═════ Material for this task ═════

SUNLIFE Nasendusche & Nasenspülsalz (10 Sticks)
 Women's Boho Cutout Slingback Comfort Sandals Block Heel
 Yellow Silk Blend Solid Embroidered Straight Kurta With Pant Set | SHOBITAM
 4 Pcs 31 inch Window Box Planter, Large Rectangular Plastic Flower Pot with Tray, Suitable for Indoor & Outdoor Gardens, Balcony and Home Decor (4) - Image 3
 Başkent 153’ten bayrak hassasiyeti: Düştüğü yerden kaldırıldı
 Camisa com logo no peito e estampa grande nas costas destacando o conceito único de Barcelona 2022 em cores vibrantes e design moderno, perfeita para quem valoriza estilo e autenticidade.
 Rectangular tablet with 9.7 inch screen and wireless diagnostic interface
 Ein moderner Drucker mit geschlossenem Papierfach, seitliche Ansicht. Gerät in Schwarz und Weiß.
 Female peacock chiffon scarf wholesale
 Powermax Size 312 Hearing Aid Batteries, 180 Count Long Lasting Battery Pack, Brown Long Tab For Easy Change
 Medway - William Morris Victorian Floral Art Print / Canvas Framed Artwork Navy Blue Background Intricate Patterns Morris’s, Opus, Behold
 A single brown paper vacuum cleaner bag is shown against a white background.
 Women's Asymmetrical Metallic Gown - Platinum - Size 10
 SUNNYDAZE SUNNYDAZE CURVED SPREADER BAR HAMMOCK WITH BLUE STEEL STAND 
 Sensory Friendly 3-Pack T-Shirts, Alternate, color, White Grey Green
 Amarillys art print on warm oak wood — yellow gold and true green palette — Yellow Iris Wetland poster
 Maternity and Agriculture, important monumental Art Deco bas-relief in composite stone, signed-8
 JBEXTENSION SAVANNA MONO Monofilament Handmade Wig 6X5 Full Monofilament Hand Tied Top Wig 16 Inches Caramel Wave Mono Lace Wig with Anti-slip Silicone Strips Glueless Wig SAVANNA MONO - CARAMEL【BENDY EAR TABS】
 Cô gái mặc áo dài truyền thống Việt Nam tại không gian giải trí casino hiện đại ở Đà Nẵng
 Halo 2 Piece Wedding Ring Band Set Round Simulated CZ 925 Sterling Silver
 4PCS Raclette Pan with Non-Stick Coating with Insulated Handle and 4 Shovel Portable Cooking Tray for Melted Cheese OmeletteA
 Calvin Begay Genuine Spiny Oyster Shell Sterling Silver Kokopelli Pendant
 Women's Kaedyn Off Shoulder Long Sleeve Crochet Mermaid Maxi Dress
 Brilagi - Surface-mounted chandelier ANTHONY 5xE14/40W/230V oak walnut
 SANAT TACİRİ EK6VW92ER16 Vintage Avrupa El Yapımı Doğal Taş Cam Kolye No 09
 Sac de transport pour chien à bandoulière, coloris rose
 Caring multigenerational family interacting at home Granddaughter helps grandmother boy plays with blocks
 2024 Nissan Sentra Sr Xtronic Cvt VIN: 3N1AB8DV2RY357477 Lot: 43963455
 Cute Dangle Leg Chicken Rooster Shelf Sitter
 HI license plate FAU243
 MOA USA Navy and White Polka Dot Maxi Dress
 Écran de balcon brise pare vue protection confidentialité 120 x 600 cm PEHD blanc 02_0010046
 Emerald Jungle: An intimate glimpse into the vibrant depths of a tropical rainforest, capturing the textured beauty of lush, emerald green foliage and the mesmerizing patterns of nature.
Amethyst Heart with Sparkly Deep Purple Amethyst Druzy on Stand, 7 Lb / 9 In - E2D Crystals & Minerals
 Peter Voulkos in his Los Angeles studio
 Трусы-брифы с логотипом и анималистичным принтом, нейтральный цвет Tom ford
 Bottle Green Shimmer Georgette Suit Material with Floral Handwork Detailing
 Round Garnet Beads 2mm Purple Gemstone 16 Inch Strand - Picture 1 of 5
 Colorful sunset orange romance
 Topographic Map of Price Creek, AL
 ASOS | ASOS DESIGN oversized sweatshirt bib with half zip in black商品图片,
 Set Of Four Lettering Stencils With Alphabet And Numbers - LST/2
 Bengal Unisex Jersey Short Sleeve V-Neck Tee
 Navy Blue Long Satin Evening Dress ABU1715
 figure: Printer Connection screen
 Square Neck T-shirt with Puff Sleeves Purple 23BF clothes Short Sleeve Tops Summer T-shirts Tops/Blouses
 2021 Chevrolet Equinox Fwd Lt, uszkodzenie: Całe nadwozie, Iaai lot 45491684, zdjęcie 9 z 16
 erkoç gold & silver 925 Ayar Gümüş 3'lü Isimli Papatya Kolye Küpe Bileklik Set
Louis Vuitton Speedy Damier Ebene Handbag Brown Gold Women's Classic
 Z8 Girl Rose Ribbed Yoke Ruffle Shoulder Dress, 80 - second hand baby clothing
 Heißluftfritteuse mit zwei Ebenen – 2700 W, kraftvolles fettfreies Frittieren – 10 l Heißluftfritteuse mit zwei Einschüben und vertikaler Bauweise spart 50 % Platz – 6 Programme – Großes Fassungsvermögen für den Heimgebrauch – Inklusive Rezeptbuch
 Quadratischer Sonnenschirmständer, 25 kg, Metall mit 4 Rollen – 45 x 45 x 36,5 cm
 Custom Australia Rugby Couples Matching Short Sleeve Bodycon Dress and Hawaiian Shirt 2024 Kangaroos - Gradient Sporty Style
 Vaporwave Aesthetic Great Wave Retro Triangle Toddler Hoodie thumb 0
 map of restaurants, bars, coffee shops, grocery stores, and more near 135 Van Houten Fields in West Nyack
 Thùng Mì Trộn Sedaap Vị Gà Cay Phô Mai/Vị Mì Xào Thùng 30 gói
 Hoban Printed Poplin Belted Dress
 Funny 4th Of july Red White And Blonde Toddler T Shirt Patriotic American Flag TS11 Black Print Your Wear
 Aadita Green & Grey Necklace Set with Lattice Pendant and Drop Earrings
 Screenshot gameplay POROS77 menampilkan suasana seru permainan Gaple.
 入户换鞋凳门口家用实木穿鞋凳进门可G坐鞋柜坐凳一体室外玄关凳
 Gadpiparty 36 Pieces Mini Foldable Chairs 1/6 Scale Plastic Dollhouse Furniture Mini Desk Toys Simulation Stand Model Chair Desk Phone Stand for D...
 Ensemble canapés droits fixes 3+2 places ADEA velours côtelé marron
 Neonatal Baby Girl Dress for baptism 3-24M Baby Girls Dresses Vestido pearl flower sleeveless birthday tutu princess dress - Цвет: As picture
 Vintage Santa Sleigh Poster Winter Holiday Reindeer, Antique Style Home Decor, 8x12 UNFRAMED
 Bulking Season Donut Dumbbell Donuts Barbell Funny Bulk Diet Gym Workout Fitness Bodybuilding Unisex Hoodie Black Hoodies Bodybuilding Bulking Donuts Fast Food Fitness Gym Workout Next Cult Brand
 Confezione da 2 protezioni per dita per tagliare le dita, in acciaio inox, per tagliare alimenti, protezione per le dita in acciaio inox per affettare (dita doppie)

═════

--- Instructions for the task ---
Each line above that contains "Kolye" must be copied out.

--- Written solution ---
 SANAT TACİRİ EK6VW92ER16 Vintage Avrupa El Yapımı Doğal Taş Cam Kolye No 09
 erkoç gold & silver 925 Ayar Gümüş 3'lü Isimli Papatya Kolye Küpe Bileklik Set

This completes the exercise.